Namun, perhatian pemerintah tidak hanya tertuju pada kelompok Desil 9 dan 10. Justru masyarakat yang berada dalam transisi Desil 5 ke Desil 6, disebutnya sebagai kelompok yang cukup rentan.
“Tetapi bagi kami di Kota Bandung, yang paling rentan justru kelompok transisi Desil 5 ke Desil 6,” jelasnya.
Menurut Farhan, perubahan status Desil berpotensi membuat sebagian masyarakat kehilangan akses bantuan. Padahal, kondisi ekonomi mereka belum tentu sudah cukup kuat untuk memenuhi seluruh kebutuhan secara mandiri.

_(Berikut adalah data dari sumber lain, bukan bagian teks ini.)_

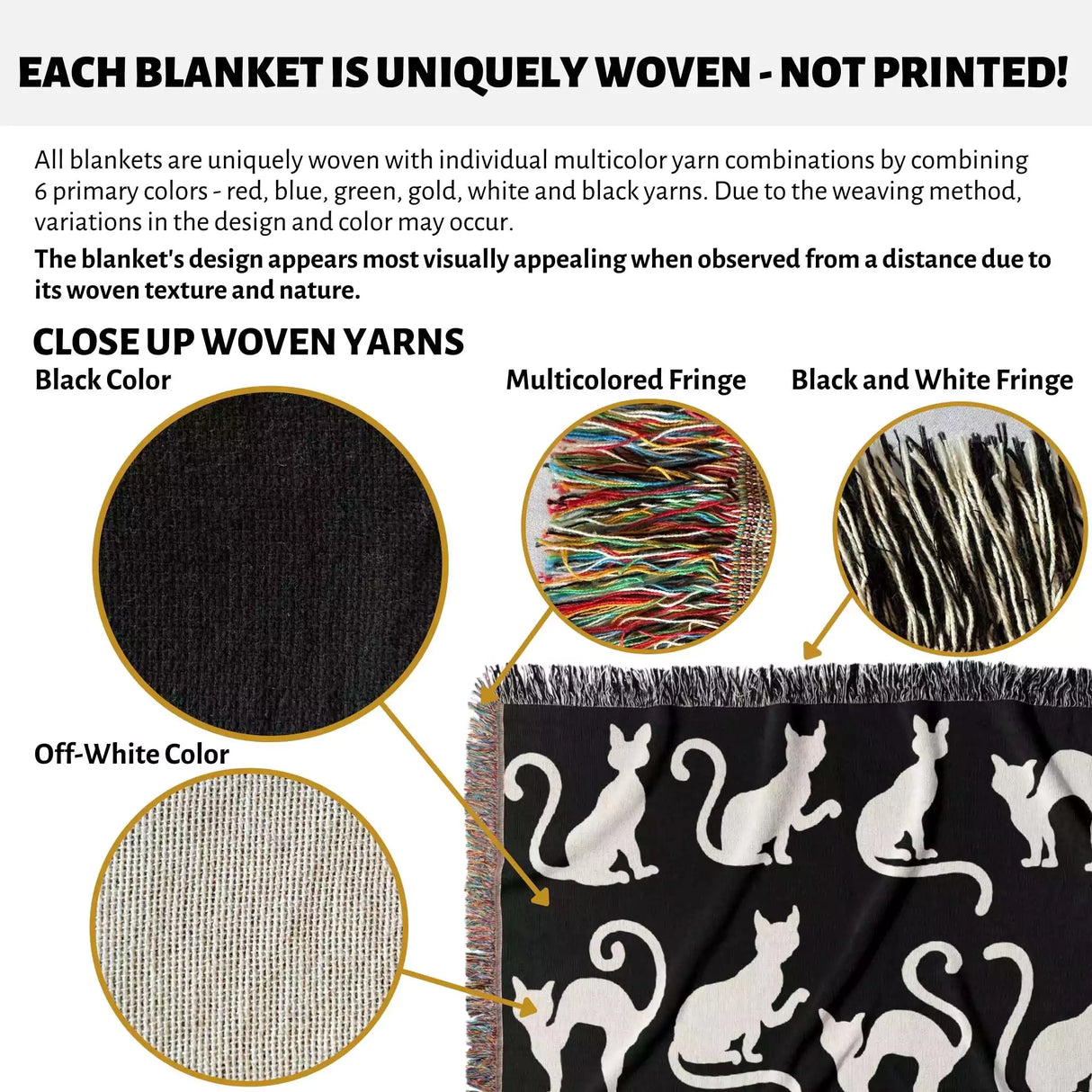 Black and White Spooky Cats Woven Throw Blanket - DesignerOllie.com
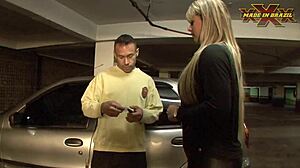 man fucks blonde outdoors near cuckold husband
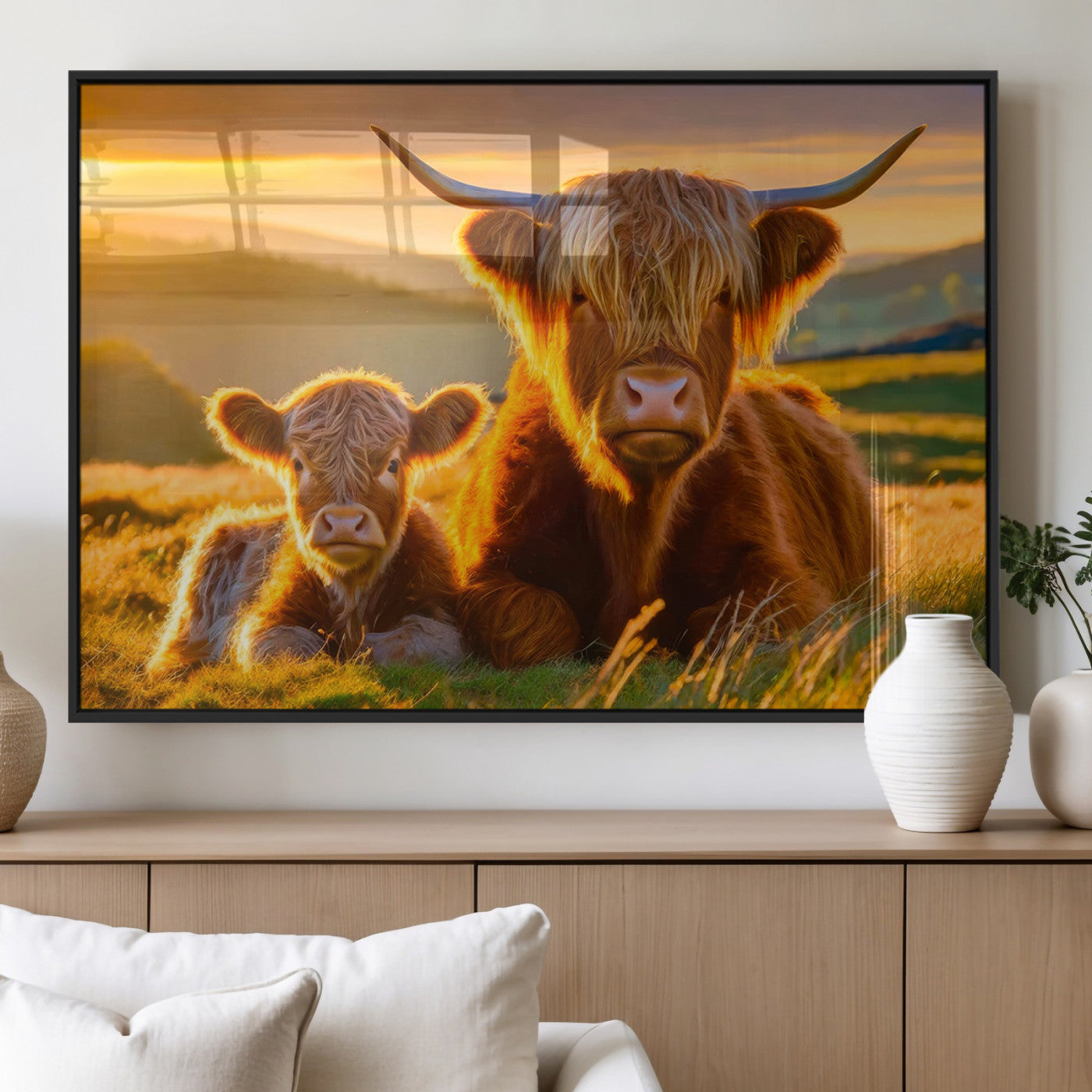 20567-MGV-FP-36X24-3P_Black-Highland Cow and Calf Wall Art – Rustic Farmhouse Sunset Cattle Canvas Print, Country Animal Artwork for Living Room, Bedroom, or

“Kalau Desil 9 dan 10 tidak bisa menikmati subsidi, kelompok Desil 5 ke 6 justru berpotensi tidak menerima bantuan. Padahal kondisinya juga sangat rentan,” ujar dia.
Karena itu dia menilai, persoalan Desil 9 dan 10 harus dilihat bersamaan dengan kondisi kelompok Desil 5 dan 6. Pemerintah tidak boleh mengabaikan salah satu kelompok, ketika menentukan kebijakan bantuan maupun subsidi.
“Jadi, isu Desil 9 dan 10 penting. Tetapi kami tidak mungkin mengabaikan persoalan transisi Desil 5 ke 6, demikian juga sebaliknya,” jelasnya.
Guna memantau kondisi warga, pihaknya melakukan pencermatan berdasarkan kewilayahan. Informasi dari tingkat wilayah, diperlukan untuk mengetahui kondisi masyarakat secara lebih nyata.
“Kami mencermati berdasarkan kewilayahan. Karena itu, program Siskamling Siaga Bencana masih berjalan untuk memastikan warga di setiap wilayah bisa menyampaikan aspirasinya,” tutur dia.
Farhan mengatakan, kondisi masyarakat di lapangan perlu terus dipantau. Pemerintah perlu mengetahui, apakah warga mengalami kesulitan atau justru berada dalam kondisi ekonomi yang relatif baik.
“Apakah ada kesulitan atau kondisinya baik-baik saja, itu perlu kita lihat di lapangan,” ujar dia.
Dia menegaskan, berbagai instrumen bantuan harus mampu menjangkau masyarakat yang membutuhkan. Terutama kelompok yang berada dalam masa transisi Desil 5 dan 6.
“Yang paling penting adalah instrumen berbagai bantuan. Terutama untuk kelompok transisi Desil 5 dan 6, dapat ditangani dengan baik,” ucapnya.
Terkait perubahan kondisi ekonomi yang dapat memengaruhi status Desil, Farhan menyebut mekanismenya berada di bawah kewenangan Kementerian Sosial. Terdapat saluran untuk melaporkan perubahan data tersebut.
“Kalau itu merupakan kebijakan Kementerian Sosial. Kalau tidak salah, ada website untuk melaporkan perubahan Desil ini. Tetapi saya belum mencobanya secara langsung,” ujar dia.
Meski demikian, pihaknya tetap menempatkan kelompok transisi Desil 5 ke Desil 6 sebagai salah satu perhatian. Kelompok tersebut, dinilai perlu dipastikan tidak kehilangan perlindungan hanya karena perubahan klasifikasi data.
“Yang tetap menjadi fokus kami adalah transisi Desil 5 ke Desil 6,” tandasnya.